*Task to complete*
A letter-for-letter copy of the listing is required, with no pictures in it.

*Given information*
---+---

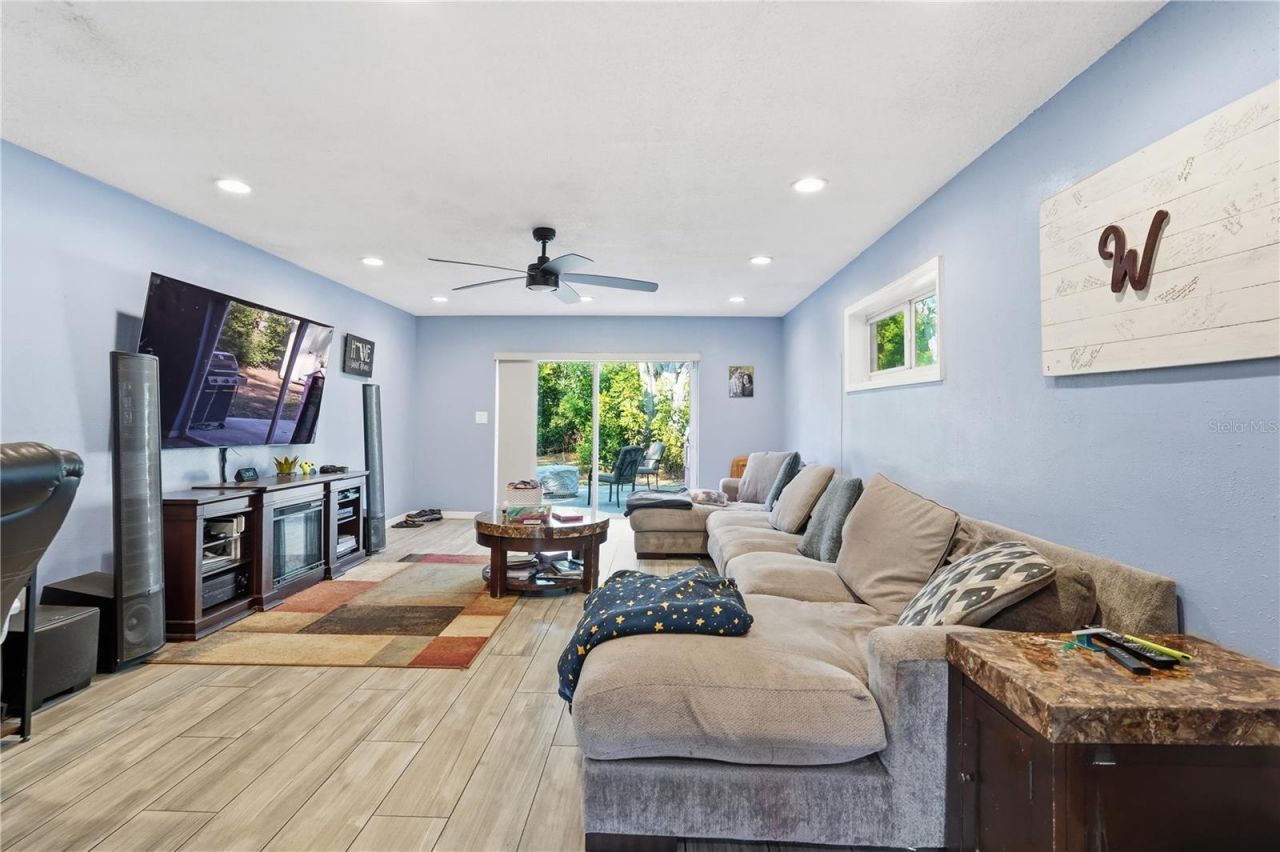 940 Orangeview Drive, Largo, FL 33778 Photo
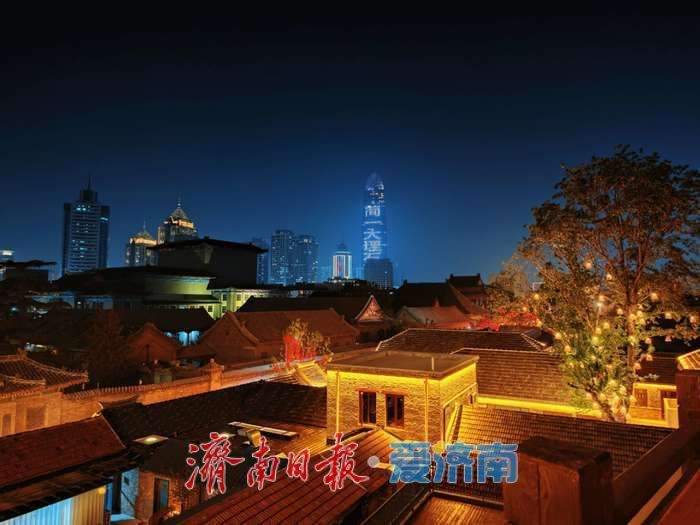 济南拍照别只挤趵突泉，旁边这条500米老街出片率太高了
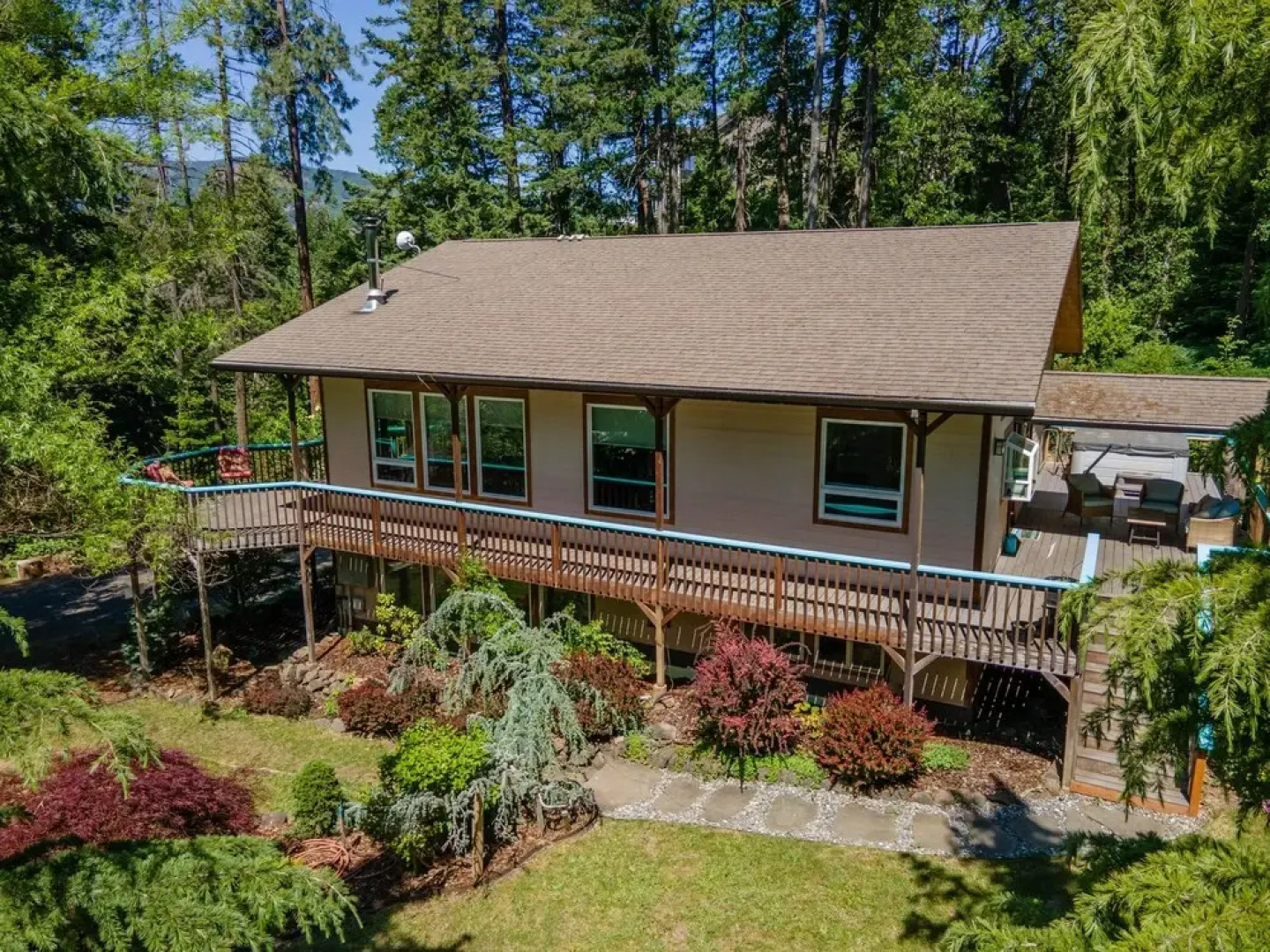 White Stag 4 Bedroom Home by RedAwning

---+---

*Output for this exercise*
 940 Orangeview Drive, Largo, FL 33778 Photo
 济南拍照别只挤趵突泉，旁边这条500米老街出片率太高了
 White Stag 4 Bedroom Home by RedAwning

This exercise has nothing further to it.